Dieser Prozess würde beschleunigt, wenn der verteidigungspolitische Gipfel im Juni genau definiert, mit welchen Schritten eine EU-Armee erreicht werden soll. Der Lissabonner Vertrag lässt eine stärkere Kooperation einzelner EU-Mitgliedsstaaten zu. Es geht aber auch um die Beschaffung von militärischem Gerät oder um Forschung, wo große Synergien möglich sind.

Die Ukraine-Krise und die Bedrohung durch den „Islamischen Staat“ haben die Idee einer EU-Armee neu belebt. Der politische Wille scheint noch nicht so stark zu sein.
Die knappen Kassen werden uns helfen. Aus nationalen Haushalten lässt sich keine Verteidigungsfähigkeit mehr herstellen. EU-Staaten geben bis zu 70 Prozent des Verteidigungsetats für Organisation aus. Bei solchen Strukturen wäre jedes private Unternehmen bereits pleite. Kann nicht die europäische Verteidigungsagentur ein Beschaffungsamt für alle werden? Dann würde es ein Desaster wie beim Transportflugzeug A400 M nicht mehr geben, bei dem acht Nationen jeweils Sonderwünsche umsetzen wollten und damit das Projekt verteuerten sowie in die Länge gezogen haben. Viel Geld könnte auch gespart werden, wenn die Nationen die Aufgaben von Marine, Heer und Luftwaffe untereinander verteilen würden.
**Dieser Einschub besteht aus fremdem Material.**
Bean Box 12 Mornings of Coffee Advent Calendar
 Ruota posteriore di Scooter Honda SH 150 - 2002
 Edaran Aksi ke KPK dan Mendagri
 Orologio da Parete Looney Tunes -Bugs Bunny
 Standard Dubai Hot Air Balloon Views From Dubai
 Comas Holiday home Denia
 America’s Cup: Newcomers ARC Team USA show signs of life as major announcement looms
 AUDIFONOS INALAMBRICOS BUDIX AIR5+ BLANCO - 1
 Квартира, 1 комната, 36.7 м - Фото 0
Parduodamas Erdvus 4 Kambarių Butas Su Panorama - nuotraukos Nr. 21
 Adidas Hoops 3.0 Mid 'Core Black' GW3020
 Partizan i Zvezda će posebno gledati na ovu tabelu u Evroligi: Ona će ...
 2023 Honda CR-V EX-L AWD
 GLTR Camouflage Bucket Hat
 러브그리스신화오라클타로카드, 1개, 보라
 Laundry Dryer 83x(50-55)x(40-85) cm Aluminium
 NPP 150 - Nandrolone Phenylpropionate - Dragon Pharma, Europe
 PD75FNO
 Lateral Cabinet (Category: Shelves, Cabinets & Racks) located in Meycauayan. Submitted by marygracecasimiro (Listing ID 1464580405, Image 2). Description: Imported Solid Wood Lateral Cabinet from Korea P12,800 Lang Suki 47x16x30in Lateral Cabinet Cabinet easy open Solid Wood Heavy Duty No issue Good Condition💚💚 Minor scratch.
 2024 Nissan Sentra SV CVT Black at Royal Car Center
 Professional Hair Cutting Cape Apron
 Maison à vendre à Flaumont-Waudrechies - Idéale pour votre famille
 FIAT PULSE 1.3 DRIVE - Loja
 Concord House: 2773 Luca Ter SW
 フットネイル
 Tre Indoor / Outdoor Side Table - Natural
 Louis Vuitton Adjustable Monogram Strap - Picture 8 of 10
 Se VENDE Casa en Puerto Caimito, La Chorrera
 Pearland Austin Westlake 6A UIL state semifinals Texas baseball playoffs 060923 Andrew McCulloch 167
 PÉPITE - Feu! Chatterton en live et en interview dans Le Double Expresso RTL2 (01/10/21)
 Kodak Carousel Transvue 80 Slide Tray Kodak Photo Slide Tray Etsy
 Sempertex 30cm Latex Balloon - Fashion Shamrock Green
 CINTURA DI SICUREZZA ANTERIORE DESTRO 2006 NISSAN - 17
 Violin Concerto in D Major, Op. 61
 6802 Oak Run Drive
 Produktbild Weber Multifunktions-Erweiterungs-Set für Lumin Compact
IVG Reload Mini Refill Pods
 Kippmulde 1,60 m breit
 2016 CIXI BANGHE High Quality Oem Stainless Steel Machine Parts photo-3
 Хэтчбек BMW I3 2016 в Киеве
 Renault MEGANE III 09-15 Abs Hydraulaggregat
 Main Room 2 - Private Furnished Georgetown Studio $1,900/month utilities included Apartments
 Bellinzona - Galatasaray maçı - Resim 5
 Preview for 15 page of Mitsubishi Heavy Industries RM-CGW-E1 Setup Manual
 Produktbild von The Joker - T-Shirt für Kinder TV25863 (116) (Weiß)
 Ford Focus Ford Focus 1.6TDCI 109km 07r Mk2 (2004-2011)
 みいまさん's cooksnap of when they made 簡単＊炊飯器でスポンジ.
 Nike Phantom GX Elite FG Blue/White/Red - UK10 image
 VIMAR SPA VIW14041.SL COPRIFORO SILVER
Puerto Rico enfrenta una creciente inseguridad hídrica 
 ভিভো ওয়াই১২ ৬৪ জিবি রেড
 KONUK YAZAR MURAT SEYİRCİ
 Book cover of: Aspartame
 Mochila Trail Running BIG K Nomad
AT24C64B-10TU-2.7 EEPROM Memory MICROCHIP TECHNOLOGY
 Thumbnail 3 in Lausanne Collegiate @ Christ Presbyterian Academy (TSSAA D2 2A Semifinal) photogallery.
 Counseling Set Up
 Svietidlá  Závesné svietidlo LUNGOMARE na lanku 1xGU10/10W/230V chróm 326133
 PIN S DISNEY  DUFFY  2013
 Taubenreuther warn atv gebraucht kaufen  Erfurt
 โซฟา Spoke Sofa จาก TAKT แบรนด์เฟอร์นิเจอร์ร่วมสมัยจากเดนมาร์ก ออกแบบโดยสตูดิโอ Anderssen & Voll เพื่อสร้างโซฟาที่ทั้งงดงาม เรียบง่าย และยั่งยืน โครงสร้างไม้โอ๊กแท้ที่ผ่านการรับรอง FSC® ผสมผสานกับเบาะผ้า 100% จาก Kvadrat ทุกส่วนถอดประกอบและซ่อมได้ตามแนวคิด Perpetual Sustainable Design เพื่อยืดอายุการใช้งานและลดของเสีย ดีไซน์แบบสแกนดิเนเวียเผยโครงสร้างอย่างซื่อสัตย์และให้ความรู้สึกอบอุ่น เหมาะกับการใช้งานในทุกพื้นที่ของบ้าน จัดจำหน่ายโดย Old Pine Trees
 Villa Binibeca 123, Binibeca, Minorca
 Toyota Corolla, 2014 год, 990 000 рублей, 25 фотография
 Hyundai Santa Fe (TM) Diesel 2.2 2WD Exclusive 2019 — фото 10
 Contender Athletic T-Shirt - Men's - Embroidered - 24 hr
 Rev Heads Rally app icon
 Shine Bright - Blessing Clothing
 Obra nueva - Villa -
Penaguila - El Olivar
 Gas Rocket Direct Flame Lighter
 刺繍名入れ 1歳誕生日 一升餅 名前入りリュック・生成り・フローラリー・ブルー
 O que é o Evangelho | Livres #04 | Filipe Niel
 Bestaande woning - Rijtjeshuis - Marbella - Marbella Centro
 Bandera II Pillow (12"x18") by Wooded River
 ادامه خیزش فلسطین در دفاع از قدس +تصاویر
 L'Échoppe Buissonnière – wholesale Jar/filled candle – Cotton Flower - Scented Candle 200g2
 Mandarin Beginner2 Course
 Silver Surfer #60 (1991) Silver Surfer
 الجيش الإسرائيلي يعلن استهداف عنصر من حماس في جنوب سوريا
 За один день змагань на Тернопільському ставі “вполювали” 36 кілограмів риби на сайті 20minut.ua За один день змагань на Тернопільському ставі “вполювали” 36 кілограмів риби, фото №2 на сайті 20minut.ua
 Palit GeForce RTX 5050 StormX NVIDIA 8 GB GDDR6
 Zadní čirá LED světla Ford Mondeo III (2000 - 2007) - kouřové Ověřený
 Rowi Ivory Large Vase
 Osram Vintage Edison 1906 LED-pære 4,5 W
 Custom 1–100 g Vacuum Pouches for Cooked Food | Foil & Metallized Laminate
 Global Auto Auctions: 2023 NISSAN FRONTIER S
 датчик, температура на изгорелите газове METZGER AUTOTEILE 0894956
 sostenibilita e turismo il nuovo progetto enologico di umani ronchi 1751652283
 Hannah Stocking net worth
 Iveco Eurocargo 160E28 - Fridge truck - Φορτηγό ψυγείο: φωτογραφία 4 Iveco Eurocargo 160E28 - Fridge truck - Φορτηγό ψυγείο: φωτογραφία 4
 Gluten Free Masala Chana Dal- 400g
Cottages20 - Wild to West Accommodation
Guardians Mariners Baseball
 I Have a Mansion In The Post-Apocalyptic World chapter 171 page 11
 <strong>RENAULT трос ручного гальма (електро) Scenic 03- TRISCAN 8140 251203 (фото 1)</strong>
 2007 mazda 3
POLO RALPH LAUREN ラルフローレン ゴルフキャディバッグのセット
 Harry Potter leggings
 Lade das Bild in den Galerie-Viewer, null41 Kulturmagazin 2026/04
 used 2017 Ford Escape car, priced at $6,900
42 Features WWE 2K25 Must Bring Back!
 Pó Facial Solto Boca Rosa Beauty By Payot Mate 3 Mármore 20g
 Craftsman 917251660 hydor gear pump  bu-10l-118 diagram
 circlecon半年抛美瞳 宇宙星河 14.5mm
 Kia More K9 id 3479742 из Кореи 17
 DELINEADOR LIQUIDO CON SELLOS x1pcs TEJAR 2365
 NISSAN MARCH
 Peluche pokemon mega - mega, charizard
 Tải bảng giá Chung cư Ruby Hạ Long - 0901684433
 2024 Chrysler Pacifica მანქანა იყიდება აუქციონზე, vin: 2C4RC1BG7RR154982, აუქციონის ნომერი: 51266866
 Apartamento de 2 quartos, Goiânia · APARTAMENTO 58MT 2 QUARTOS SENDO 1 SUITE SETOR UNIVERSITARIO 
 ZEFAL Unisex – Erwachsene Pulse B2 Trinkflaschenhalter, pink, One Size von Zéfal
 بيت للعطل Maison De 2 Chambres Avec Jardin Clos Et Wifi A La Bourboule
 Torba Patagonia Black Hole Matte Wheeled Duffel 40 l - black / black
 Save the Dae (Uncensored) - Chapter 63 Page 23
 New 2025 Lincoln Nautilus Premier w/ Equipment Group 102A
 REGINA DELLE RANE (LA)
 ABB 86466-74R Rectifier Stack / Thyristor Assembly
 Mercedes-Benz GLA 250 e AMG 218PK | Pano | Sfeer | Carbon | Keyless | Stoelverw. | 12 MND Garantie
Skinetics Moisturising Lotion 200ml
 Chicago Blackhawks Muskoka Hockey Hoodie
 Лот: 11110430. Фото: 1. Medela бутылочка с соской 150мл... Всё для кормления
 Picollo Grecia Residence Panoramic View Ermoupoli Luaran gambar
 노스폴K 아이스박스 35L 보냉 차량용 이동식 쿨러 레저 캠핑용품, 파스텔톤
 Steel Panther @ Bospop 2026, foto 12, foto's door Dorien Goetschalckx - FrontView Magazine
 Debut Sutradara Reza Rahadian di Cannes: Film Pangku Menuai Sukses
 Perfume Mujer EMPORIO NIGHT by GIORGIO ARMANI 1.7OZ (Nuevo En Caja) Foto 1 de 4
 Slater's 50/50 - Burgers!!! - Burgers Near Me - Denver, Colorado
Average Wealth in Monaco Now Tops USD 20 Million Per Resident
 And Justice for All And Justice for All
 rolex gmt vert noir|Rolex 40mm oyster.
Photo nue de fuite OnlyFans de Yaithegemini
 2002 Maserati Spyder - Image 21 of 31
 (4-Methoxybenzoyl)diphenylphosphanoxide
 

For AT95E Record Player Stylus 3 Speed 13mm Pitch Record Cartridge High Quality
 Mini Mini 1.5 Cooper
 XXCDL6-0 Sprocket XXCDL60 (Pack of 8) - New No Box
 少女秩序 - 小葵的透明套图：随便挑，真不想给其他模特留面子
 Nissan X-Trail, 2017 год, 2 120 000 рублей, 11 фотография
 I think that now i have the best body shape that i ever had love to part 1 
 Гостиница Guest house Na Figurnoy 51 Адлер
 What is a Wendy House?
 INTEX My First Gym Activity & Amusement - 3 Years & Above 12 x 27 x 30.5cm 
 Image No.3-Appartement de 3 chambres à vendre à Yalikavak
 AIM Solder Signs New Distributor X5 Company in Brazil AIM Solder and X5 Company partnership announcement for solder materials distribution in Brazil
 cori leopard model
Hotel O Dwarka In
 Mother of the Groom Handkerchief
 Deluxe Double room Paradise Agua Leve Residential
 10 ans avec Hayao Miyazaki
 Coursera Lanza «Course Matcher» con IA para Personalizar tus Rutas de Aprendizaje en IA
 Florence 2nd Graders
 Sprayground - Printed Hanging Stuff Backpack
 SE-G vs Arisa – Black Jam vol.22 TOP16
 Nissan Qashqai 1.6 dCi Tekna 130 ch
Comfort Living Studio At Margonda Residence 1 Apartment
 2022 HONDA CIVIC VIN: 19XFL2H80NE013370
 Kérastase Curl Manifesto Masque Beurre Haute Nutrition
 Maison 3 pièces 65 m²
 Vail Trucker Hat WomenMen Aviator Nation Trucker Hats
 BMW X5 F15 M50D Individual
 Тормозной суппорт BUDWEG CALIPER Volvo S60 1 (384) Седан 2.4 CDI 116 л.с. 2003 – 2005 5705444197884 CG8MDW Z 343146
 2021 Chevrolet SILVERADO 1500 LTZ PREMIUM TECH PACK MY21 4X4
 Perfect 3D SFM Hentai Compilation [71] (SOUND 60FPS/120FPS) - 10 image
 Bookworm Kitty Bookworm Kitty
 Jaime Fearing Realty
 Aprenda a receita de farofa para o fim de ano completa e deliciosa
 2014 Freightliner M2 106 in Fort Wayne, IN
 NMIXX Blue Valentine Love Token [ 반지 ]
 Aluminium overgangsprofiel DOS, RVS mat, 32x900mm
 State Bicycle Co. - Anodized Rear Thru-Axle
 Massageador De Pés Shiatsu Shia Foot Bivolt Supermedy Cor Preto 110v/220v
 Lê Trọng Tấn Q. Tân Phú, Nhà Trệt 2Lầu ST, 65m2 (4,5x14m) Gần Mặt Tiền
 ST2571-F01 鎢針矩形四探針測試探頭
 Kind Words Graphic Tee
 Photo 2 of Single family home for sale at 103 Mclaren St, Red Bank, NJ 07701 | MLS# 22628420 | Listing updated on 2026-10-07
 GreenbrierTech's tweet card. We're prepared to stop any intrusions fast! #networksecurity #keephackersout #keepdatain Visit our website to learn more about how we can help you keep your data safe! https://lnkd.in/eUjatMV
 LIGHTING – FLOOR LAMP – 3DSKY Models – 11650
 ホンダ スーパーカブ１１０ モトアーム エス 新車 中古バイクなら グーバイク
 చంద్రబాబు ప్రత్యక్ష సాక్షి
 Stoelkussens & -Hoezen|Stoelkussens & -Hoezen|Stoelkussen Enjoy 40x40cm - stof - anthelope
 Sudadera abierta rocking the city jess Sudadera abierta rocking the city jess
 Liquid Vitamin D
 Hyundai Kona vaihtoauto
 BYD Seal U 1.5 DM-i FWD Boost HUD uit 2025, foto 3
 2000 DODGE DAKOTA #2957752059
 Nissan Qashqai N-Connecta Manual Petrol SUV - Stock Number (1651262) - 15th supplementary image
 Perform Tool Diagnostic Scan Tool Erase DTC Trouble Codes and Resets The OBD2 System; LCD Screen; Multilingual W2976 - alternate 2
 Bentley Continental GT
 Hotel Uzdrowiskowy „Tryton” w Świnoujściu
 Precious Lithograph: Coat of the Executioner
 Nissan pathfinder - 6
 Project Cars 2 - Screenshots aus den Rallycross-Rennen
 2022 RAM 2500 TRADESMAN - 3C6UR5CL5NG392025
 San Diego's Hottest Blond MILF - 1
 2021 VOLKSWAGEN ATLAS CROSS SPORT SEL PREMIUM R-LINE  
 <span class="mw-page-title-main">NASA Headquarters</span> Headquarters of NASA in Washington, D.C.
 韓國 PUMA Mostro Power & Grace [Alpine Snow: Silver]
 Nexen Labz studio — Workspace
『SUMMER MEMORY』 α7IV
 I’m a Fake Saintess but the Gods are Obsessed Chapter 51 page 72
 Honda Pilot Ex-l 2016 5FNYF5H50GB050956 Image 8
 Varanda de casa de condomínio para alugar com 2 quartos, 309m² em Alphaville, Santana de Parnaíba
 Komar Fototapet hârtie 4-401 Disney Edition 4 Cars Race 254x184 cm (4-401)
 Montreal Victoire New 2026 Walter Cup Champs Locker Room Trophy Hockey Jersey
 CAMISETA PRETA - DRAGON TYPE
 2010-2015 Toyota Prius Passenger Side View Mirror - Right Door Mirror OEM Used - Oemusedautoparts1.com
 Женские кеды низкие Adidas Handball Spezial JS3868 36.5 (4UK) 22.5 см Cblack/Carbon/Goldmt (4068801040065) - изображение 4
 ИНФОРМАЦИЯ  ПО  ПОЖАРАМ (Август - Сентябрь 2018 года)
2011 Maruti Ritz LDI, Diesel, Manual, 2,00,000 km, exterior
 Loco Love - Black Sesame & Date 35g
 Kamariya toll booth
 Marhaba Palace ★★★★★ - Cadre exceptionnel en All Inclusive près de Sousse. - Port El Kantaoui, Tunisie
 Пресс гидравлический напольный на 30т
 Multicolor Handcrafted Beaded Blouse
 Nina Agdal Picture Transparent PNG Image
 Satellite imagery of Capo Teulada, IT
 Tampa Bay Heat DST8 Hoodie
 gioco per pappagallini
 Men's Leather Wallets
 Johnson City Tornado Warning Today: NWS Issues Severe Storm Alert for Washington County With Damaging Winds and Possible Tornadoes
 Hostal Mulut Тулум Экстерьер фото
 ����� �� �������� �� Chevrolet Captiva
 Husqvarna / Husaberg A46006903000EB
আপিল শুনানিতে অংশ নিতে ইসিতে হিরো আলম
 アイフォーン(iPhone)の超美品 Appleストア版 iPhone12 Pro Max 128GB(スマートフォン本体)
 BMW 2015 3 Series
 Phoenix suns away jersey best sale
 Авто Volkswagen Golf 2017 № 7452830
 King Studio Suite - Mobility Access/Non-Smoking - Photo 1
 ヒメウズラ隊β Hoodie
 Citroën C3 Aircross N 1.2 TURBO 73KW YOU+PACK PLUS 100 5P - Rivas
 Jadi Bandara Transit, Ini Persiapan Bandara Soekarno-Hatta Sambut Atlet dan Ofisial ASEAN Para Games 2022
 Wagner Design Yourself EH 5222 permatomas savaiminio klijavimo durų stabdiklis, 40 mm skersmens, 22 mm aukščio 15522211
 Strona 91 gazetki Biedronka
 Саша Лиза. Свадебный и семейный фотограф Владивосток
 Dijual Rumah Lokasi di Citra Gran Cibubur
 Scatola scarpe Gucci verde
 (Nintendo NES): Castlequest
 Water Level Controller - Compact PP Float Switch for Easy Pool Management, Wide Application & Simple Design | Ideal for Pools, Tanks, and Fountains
Was sind die wichtigsten Schritte?

Man sollte als Erstes eine permanente Kooperation vertraglich ermöglichen für jene Länder, die vorangehen möchten. Einzelne Staaten könnten dann Vorhaben nicht mehr blockieren. Man könnte zusätzlich ein Hauptquartier einrichten, in dem die bereits bestehende Zusammenarbeit etwa der deutsch-niederländischen oder der deutsch-französischen Brigade koordiniert wird.

Wird ein verteidigungspolitisches Europa der unterschiedlichen Geschwindigkeiten nicht viele Staaten verärgern?

Im EU-Parlament fordern wir, die gemeinsamen Schritte wie ein Hauptquartier voranzubringen, damit es nicht nur bei bilateralen Kooperationen bleiben muss. Alles weitere muss noch entwickelt werden.

Treten Bereiche wie Entwicklungspolitik in den Hintergrund?

Nein, das Primat bleibt bei der Politik. Aber die muss untermauert sein. Allerdings haben wir mehr Soldaten als die USA, geben dreimal mehr für Verteidigung aus als Russland und können trotzdem unsere Armeen kaum einsetzen. Die Diplomatie wird immer Vorrang haben. Krieg ist das Versagen von Politik. Die Gegenseite muss aber wissen, dass wir uns verteidigen können.

Elmar Brok ist seit 1980 Mitglied im Europäischen Parlament. Seit 2012 ist der 68-jährige Christdemokrat Vorsitzender des Ausschusses für Auswärtige Angelegenheiten. Derzeit argumentiert er für eine EU-Armee als Teil einer gemeinsamen Außen- und Verteidigungspolitik der EU.  Foto: Imago

Müsste nicht mehr in Entwicklungspolitik investiert werden, um die Konflikte in den Nachbarregionen der EU zu lösen?

Die EU würde mit einer gemeinsamen Verteidigungspolitik vor allem Geld sparen. Zusätzlich würden künftig Missionen schneller umgesetzt werden. Beim Mali-Einsatz konnten die Soldaten erst ein Jahr nach dem Beschluss entsendet werden. Entwicklungspolitik bleibt wichtig. Die EU muss mehr unternehmen, damit die Menschen etwa aus den Staaten Nordafrikas nicht die teure und mitunter tödliche Flucht nach Europa antreten müssen. Die meisten wollen ihre Heimat doch gar nicht verlassen. Das gilt auch für syrische Flüchtlinge. Ich habe mit vielen gesprochen, fast alle wollen in ihre Heimat zurück. Aber eine gute Entwicklungspolitik schließt eine bessere Verteidigungspolitik nicht aus.